**Input for this task**
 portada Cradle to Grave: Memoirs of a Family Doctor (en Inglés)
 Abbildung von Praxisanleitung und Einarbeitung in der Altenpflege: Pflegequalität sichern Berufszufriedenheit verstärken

==

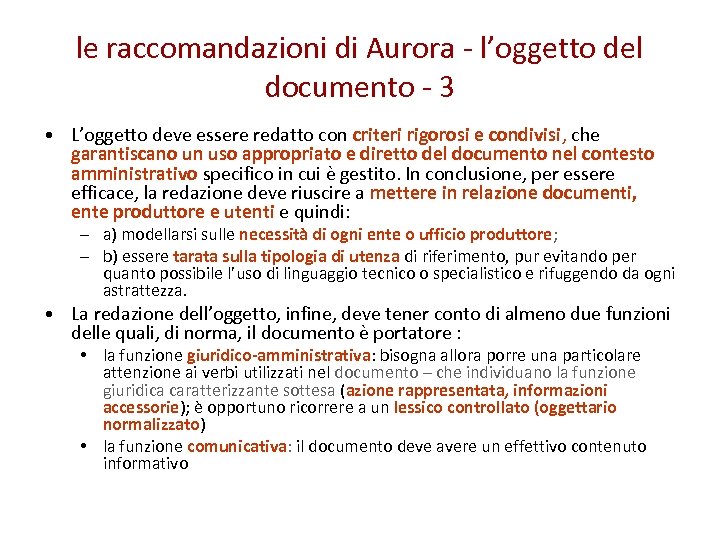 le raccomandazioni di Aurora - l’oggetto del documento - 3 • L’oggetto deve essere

**Work to complete**
Please make an exact copy of the lines above from the line with "portada Cradle to" through the line with "Abbildung von Praxisanleitung", both ends included.

**Completed task**
 portada Cradle to Grave: Memoirs of a Family Doctor (en Inglés)
 Abbildung von Praxisanleitung und Einarbeitung in der Altenpflege: Pflegequalität sichern Berufszufriedenheit verstärken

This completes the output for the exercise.